In the big book of political blunders, Theresa May’s decision to hold a snap election to solidify her Brexit mandate will rank among the most memorable — and the most unnecessary.
The British prime minister was cruising along two months ago with a solid majority in Parliament and several years to run on her party’s mandate. There was no need for her to put her position on the line, and she had said earlier that an election was not needed.
But her party’s huge lead in the opinion polls — 20 percent in most cases — made the prospect too tempting to pass up.
At the time, it seemed to make sense. Her main opponent — Labour Party leader Jeremy Corbyn, known for his left-wing views — was stumbling from mishap to mishap, unable even to muster solid support from his party’s own lawmakers. May seemed virtually certain to add to her party’s strength, win a mandate in her own name — not just as a stand-in for her predecessor, David Cameron, who quit after Britain voted to leave the European Union last June — and gain five years to negotiate a deal on Britain’s exit from the European Union without facing a pesky national vote soon after the scheduled Brexit date of March 2019.
So she flung the dice — and lost.
After Thursday’s vote, May’s Conservative Party still has the largest number of lawmakers, but lacks a parliamentary majority. It may well be able to form a minority government with the help of Northern Ireland’s Democratic Unionist Party in the coming days and weeks, but the prime minister’s ability to cling to the keys of Number 10 Downing Street is very much in doubt, and her stated goal of unifying the country behind her ahead of the upcoming Brexit negotiations with EU leaders is utterly out of reach.
The result has caused a fresh bout of selling of the British pound, and made EU leaders still more uncertain about Britain’s Brexit priorities. The inherent weakness of a minority government raises the prospect of another election later this year, which would undoubtedly cause more turbulence.
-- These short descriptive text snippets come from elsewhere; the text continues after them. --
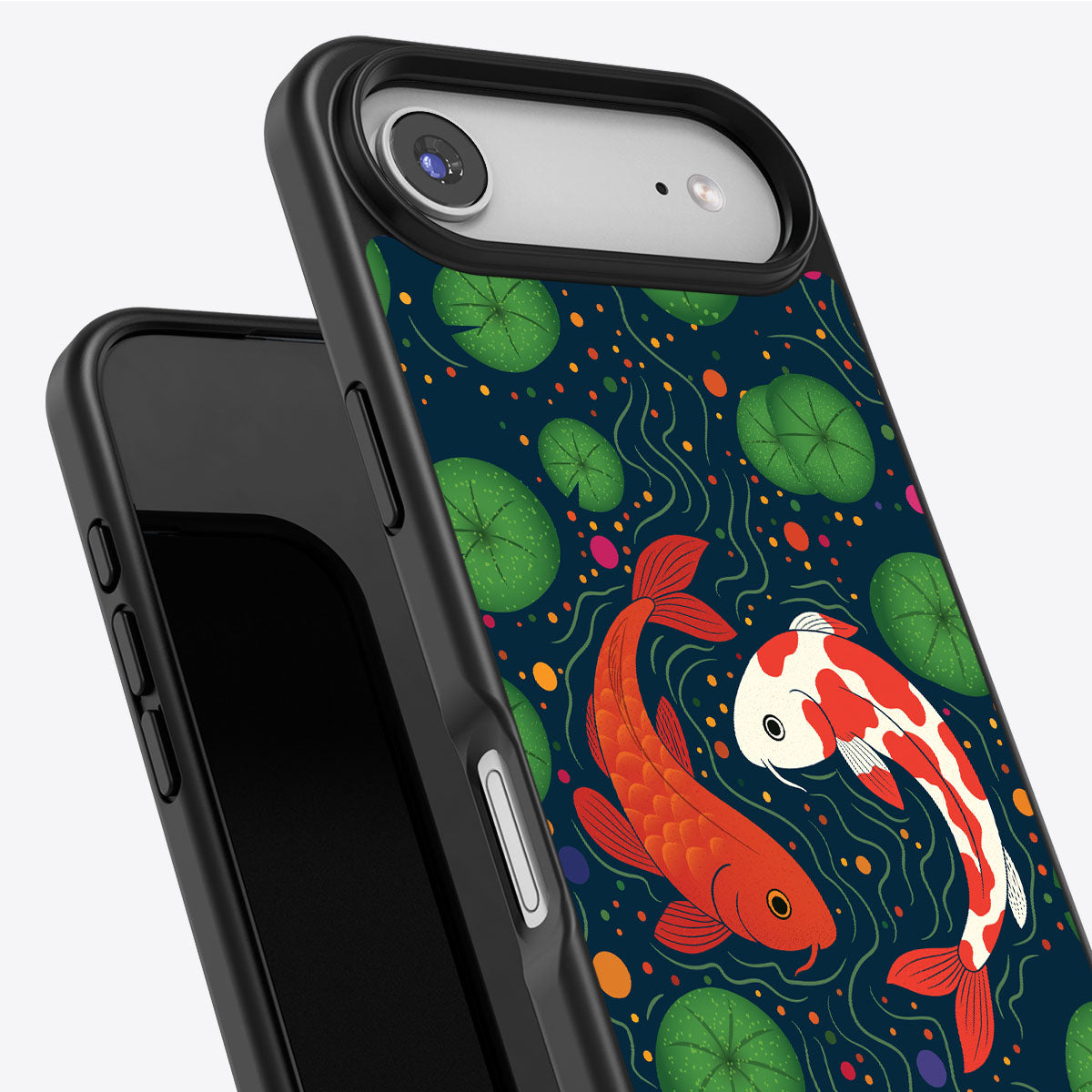 Koi Fish - iPhone 17 Air Case, #case type_core (non magsafe)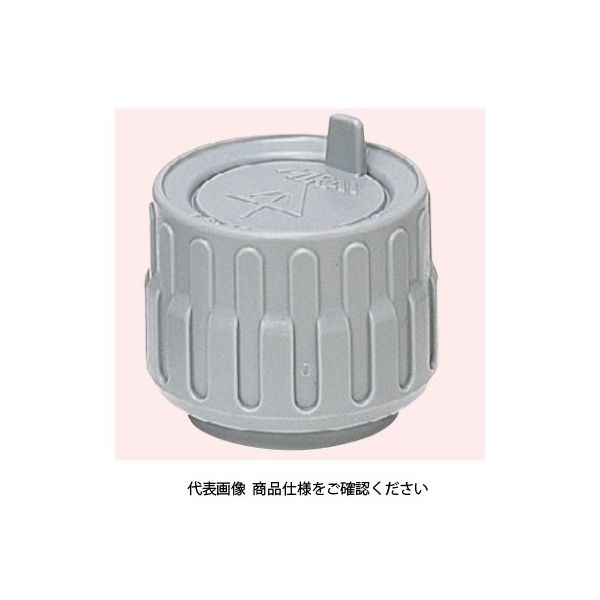 未来工業 管端ブッシング 蓋付 KZVF-2831 1セット（30個）（直送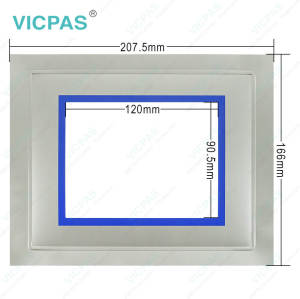 Simatic 6AV6634-5MA10-0ND0 Touch Screen Panel Glass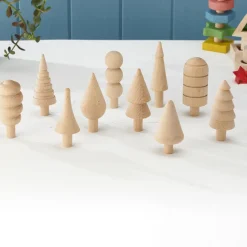 HOPTOYS Montessori Pour Tous<Arbres Forestiers En Bois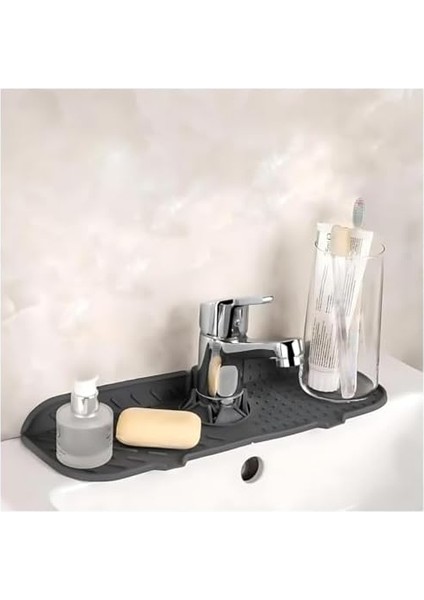 Tutucu Musluk Matı - Mutfak ve Banyo Için Koruyucu Musluk ve Lavabo Altı Mat modelleri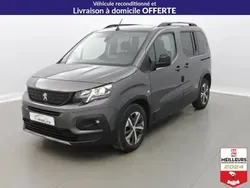 Gris Utilisé 2020 Peugeot Rifter GT-line Monospace | 20 900 € (Prix assez cher)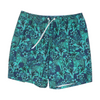 Green Graphic Swim Bottom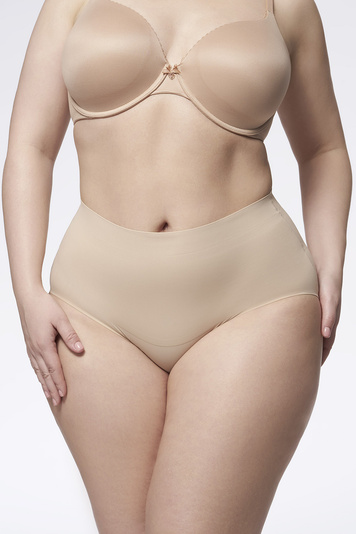 Julimex Shapewear 271 womens body shaper shapewear briefs - made in EU , Beige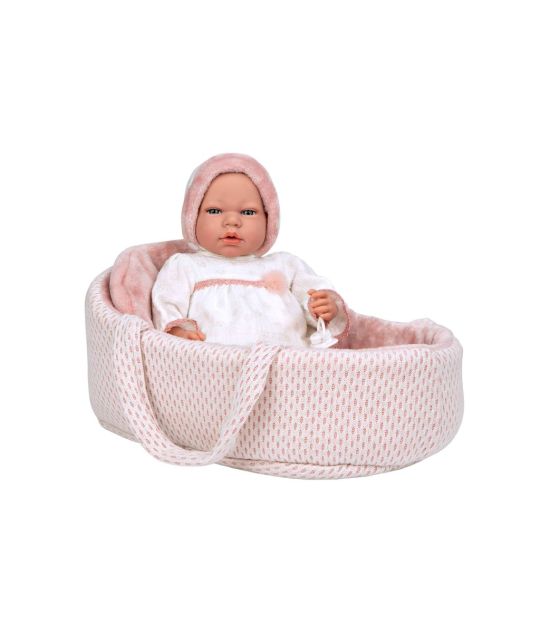 IMG_1789 Bábika Arias Elegance Andie 40 cm s vanilkovou vôňou a zvukom plaču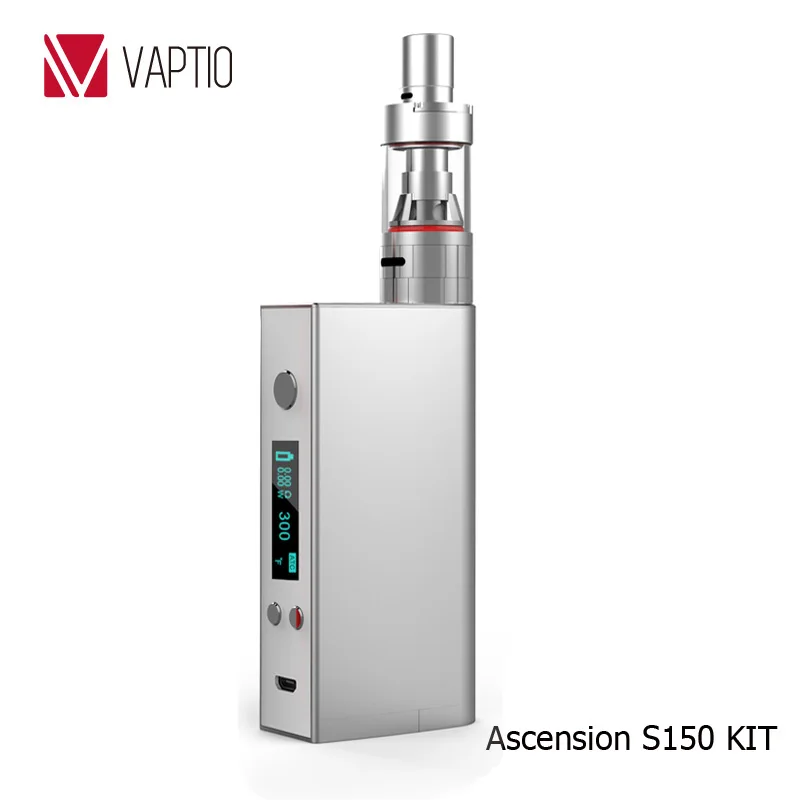 Vaptio кальян 150 Вт vw mod VW/VT ni/ti/ss/УВД контроля температуры электронной сигареты для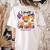 Halloween Teacher Smell a Tiny Human Ghost Spooky Season Women's Comfort Colors T-Shirt Back Print Ivory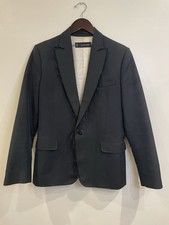 Dsquared2 Black Cotton Tuxedo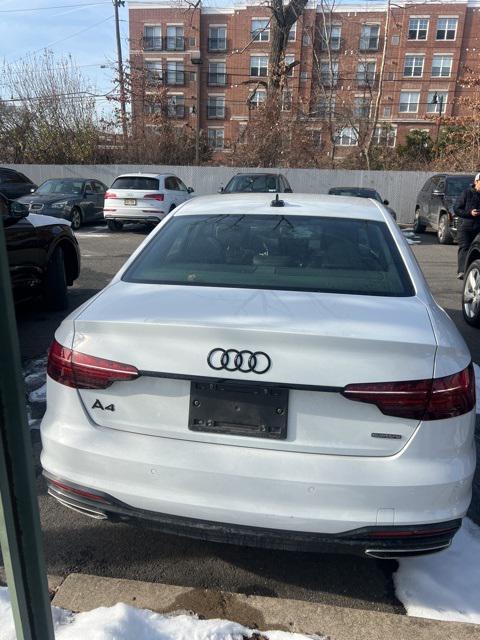 used 2021 Audi A4 car, priced at $30,999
It is too early to say with any certainty what the change from a majority to minority government will mean to Brexit. Some experts are calling the Conservatives’ unexpected loss of seats a rejection of the “hard Brexit” May has advocated, which would take Britain out of the single market and the customs union and which could see tariffs slapped on British exports to the EU.
Voters may have been unimpressed with her refrain that “no deal is better than a bad deal” because it raised the prospect of Britain crashing out of the EU without a trade-and-immigration system to replace the existing, well-integrated procedures that have evolved over decades of European integration.
Corbyn’s newly energized Labour Party officially backs Brexit — since voters endorsed it in a referendum last year — but many important figures in the party advocate a much “softer” approach, and their views now may now carry sway.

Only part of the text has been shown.